> _WHAT IS BEING ASKED_: Give back the full listing verbatim, apart from its images.

> _DATASET SECTION_:
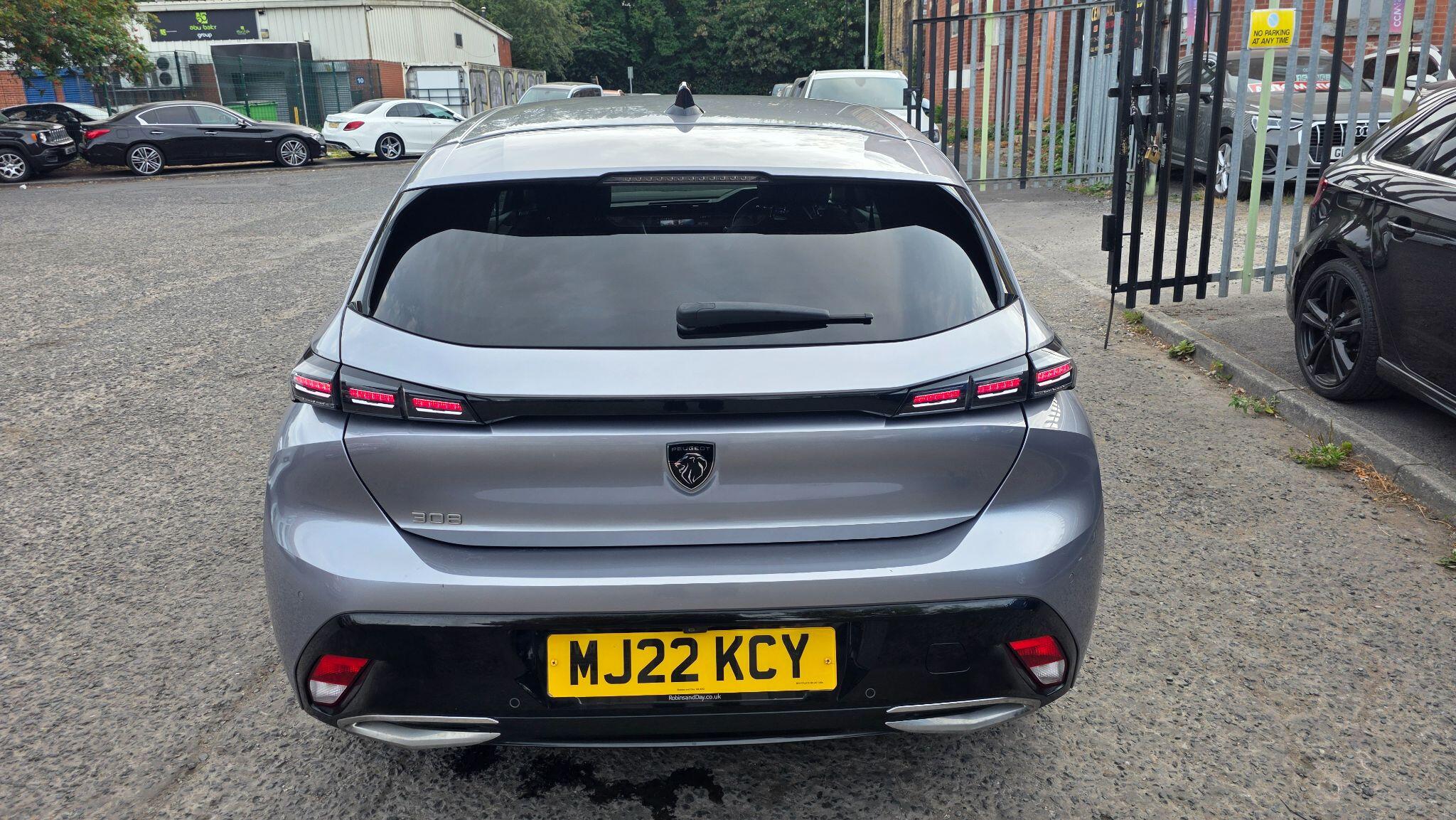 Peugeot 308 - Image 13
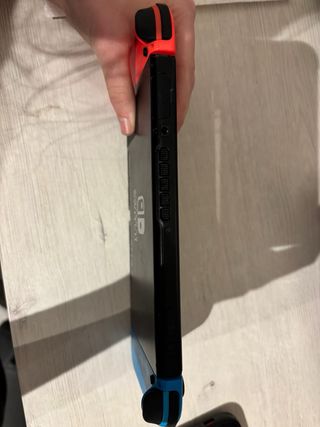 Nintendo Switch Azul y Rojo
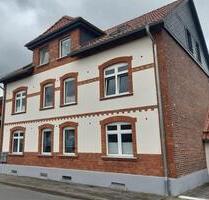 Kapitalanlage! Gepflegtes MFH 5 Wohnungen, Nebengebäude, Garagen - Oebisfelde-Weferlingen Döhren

> _TASK RESULT_:
 Peugeot 308 - Image 13
 Nintendo Switch Azul y Rojo
 Kapitalanlage! Gepflegtes MFH 5 Wohnungen, Nebengebäude, Garagen - Oebisfelde-Weferlingen Döhren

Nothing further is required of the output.